Almanya’da otomotiv üreticilerinin içinde bulunduğu derin kriz, başta yedek parça olmak üzere tedarikçileri de olumsuz etkiliyor.

Tedarikçiler düşen
siparişler ve artan maliyetlerle karşı karşıya kalırken, birçoğu elektrikli hareketlilik gereksinimlerini karşılamak için işten çıkarmalar veya yeniden yapılanma planlıyor.

Son aylarda Volkswagen, Ford, ZF WABCO ve Continental, fabrikalarında binlerce işçinin işten atılacağı haberlerinin basında yer alması dikkati çekiyordu.

Alman otomotiv ve sanayi tedarikçisi Schaeffler, 5 Kasım’da 2 bin 800’ü Almanya’da olmak üzere Avrupa’da 4 bin 700 kişiyi işten çıkaracağını duyurmuştu.

23 Kasım’da otomotiv sektörünün önemli tedarikçilerinden Bosch, otomotiv biriminde 3 bin 800’ü Almanya’da olmak üzere, dünya genelinde 5 bin 500 kişiyi işten çıkaracağını açıkladı. Bosch, ilaveten üretim tesislerinde kısa mesaiye gidileceğini açıkladı.

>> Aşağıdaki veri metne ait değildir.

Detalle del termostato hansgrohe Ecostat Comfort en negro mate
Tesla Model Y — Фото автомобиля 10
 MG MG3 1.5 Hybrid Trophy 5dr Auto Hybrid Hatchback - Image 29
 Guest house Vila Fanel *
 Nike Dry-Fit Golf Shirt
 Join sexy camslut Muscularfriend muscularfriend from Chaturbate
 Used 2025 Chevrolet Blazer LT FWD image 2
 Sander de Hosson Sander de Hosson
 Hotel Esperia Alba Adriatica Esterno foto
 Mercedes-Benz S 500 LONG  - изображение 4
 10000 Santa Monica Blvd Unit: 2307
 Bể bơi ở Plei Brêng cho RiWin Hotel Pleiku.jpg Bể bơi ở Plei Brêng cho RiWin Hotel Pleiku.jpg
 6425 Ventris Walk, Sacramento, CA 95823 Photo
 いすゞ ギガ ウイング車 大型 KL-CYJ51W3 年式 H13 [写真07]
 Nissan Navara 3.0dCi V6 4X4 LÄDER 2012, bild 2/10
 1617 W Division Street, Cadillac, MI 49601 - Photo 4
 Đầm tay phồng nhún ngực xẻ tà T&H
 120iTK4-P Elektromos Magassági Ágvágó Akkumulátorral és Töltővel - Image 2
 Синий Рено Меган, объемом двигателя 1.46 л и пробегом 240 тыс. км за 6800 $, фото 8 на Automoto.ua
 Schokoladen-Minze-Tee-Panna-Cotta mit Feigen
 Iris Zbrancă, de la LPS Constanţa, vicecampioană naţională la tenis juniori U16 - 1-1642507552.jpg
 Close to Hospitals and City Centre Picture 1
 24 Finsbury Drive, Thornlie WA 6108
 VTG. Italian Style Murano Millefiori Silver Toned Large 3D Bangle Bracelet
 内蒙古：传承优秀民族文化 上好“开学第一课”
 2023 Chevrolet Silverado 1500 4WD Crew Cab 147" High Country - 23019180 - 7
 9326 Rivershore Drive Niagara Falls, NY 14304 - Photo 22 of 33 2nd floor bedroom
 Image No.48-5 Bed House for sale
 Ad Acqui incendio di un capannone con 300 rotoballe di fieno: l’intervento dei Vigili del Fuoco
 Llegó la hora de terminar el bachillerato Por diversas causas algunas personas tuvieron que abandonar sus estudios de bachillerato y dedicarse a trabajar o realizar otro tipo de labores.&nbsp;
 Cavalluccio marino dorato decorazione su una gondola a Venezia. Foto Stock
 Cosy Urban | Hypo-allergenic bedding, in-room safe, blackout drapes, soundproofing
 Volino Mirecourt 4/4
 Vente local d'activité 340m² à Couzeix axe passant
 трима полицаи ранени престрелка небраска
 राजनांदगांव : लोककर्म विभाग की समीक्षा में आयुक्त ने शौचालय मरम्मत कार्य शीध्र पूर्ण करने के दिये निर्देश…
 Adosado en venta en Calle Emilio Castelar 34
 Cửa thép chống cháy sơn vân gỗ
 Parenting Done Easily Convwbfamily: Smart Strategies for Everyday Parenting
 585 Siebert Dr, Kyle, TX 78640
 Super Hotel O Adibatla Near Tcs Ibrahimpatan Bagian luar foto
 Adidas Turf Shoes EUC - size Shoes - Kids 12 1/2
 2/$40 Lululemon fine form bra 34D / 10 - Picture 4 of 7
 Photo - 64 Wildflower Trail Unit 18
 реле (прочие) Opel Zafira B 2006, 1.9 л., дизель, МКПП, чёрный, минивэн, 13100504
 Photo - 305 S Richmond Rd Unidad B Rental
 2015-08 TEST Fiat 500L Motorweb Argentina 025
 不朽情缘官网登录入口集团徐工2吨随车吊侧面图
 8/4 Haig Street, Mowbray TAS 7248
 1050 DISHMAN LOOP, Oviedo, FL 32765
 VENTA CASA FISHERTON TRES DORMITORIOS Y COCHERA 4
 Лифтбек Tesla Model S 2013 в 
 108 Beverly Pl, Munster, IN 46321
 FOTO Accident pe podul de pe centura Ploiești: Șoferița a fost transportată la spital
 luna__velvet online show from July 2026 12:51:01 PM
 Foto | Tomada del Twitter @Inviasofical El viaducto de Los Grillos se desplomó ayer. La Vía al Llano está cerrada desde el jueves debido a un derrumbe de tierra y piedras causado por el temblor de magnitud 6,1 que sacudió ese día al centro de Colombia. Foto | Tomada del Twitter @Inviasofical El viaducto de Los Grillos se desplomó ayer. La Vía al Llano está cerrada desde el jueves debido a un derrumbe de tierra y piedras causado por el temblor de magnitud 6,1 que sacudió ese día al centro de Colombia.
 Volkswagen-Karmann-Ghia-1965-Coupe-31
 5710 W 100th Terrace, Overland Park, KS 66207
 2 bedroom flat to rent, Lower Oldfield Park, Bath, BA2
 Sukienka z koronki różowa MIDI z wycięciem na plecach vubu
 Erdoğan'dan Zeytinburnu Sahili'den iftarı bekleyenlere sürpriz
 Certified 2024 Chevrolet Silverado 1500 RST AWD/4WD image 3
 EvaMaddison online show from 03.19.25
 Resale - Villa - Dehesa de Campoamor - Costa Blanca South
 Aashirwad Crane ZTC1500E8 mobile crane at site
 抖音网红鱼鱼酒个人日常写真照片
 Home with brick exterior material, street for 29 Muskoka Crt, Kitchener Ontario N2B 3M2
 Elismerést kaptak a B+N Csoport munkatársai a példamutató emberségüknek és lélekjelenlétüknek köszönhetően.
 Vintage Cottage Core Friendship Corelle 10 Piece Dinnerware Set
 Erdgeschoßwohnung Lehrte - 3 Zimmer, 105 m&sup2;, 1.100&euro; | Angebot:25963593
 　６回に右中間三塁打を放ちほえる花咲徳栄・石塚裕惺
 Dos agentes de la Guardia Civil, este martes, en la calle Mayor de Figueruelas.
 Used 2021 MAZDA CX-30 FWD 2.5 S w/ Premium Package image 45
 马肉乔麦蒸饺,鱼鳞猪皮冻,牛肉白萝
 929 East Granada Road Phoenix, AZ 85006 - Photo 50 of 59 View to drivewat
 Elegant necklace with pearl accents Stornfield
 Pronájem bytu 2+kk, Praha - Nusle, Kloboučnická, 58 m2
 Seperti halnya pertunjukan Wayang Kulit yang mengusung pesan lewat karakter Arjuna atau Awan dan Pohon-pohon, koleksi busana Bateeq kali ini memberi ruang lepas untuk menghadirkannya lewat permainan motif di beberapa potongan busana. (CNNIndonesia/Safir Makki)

Otomobil parça tedarikçisi Johann Vitz GmbH de 106 yıllık geçmişinin ardından iflas başvurusunda bulunarak yeniden yapılanma sürecine girdi.

İstihdam kaybının devam etmesi bekleniyor

Alman Otomobilciler Birliği de (VDA) elektrikli araçlara geçişin Alman otomotiv endüstrisine gelecek on yıl içinde 140 bin ek istihdama mal olacağını hesaplıyor.

Sektördeki istihdam yapısı “demografi ve karbonsuzlaşma” ile köklü bir dönüşümle karşı karşıya ve bu dönüşümün 2035’e kadar yaklaşık 190 bin kişinin iş kaybına yol açması bekleniyor.

VDA’nın yaptırdığı araştırmaya göre, 2035’e kadar sektördeki iş gücü arzı demografik nedenlerden dolayı yüzde 6,3 düşecek.

Almanya’da 2019-2023 döneminde istihdamda görülen 46 bin kişilik azalış temelde elektrikli araçlara geçişten kaynaklanırken, azalma eğilimi devam ederse 2035’e gelindiğinde otomotiv sektöründe istihdam sayısı yaklaşık 190 bin kişi düşecek.

Çin etkisi

Almanya’nın diğer büyük Avrupa ekonomilerine kıyasla Çin’e daha fazla bağımlı olması dikkati çekerken, Çin’in Almanya’dan satın aldığı otomobilleri daha fazla üretebilmesi ekonominin büyümesini zorlaştırıyor.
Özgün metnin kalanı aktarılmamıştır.